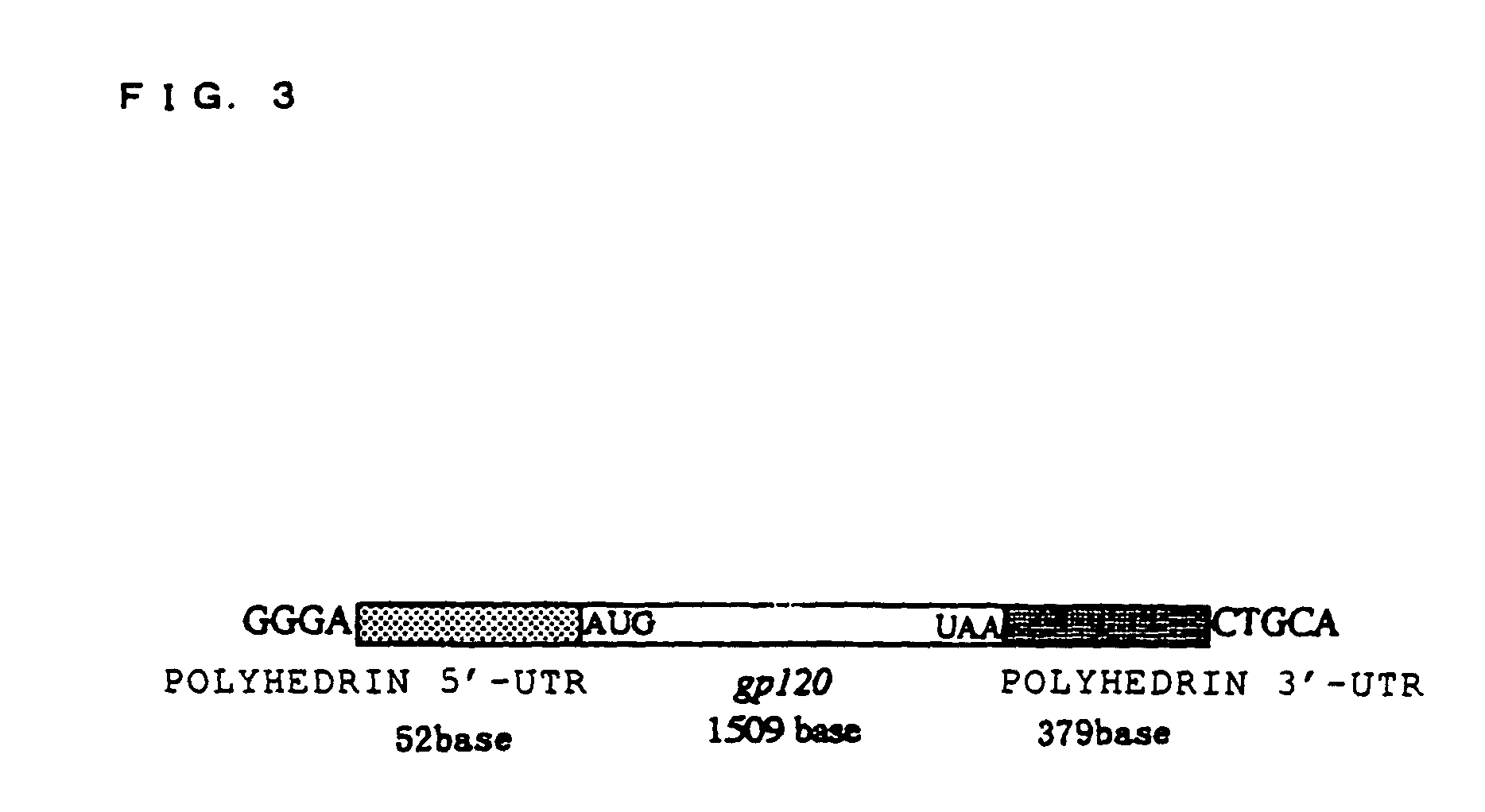 Cell-free extract and glycoprotein synthesis system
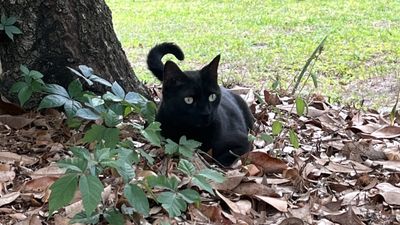 Scientist's cat helps discover a rare virus — yet again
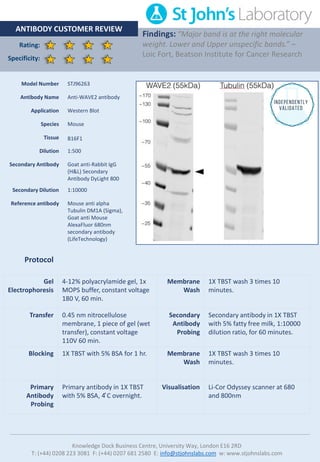 Rating:
Specificity:
ANTIBODY CUSTOMER REVIEW
Findings: “Major band is at the right molecular
weight. Lower and Upper unspecific bands.” –
Loic Fort, Beatson Institute for Cancer Research
Knowledge Dock Business Centre, University Way, London E16 2RD
T: (+44) 0208 223 3081 F: (+44) 0207 681 2580 E: info@stjohnslabs.com w: www.stjohnslabs.com
Protocol
Gel
Electrophoresis
4-12% polyacrylamide gel, 1x
MOPS buffer, constant voltage
180 V, 60 min.
Membrane
Wash
1X TBST wash 3 times 10
minutes.
Transfer 0.45 nm nitrocellulose
membrane, 1 piece of gel (wet
transfer), constant voltage
110V 60 min.
Secondary
Antibody
Probing
Secondary antibody in 1X TBST
with 5% fatty free milk, 1:10000
dilution ratio, for 60 minutes.
Blocking 1X TBST with 5% BSA for 1 hr. Membrane
Wash
1X TBST wash 3 times 10
minutes.
Primary
Antibody
Probing
Primary antibody in 1X TBST
with 5% BSA, 4 ̊C overnight.
Visualisation Li-Cor Odyssey scanner at 680
and 800nm
Model Number STJ96263
Antibody Name Anti-WAVE2 antibody
Application Western Blot
Species Mouse
Tissue B16F1
Dilution 1:500
Secondary Antibody Goat anti-Rabbit IgG
(H&L) Secondary
Antibody DyLight 800
Secondary Dilution 1:10000
Reference antibody Mouse anti alpha
Tubulin DM1A (Sigma),
Goat anti Mouse
AlexaFluor 680nm
secondary antibody
(LifeTechnology)
 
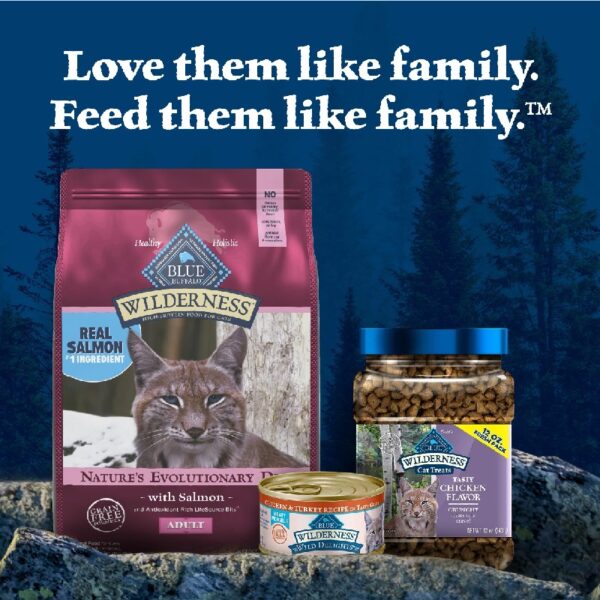 Blue Buffalo Wilderness Natural High Protein Dry Food for Adult Cats, Salmon, 4-lb Bag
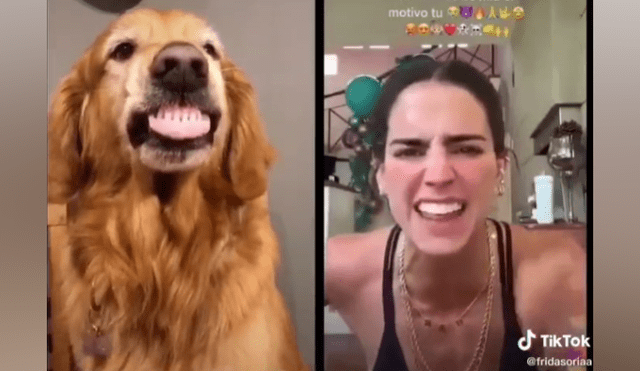 Desliza las imágenes para ver la graciosa escena que protagonizó un perro en TikTok.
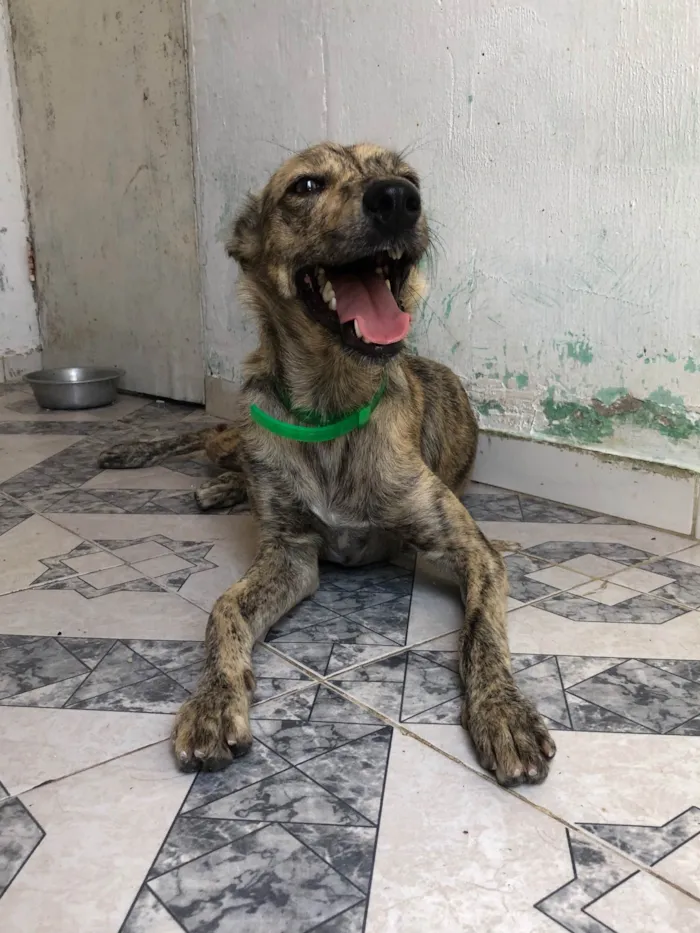 Cachorro raça SRD-ViraLata idade 1 ano nome Coral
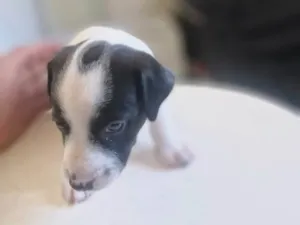 Cachorro raça SRD-ViraLata idade Abaixo de 2 meses nome Pingo
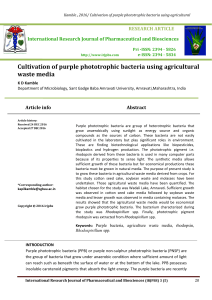 Cultivation of purple phototrophic bacteria using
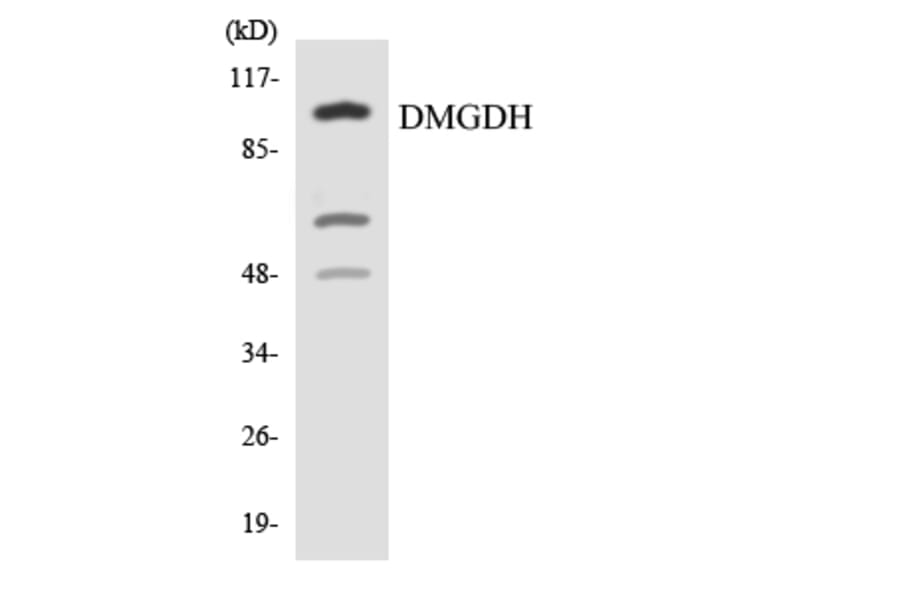 Western Blot - Anti-DMGDH Antibody (R12-2703) - Antibodies.com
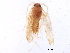  ( - BIOUG37514-B06)  @12 [ ] CreativeCommons - Attribution (2018) CBG Photography Group Centre for Biodiversity Genomics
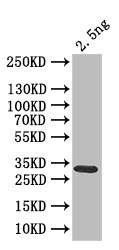 clr6 Antibody in Western Blot (WB)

----

** ACTIVITY **
Whenever the string "TBST" appears on a line of the material, that line counts; report the count and nothing else.

** WRITTEN ANSWER **
5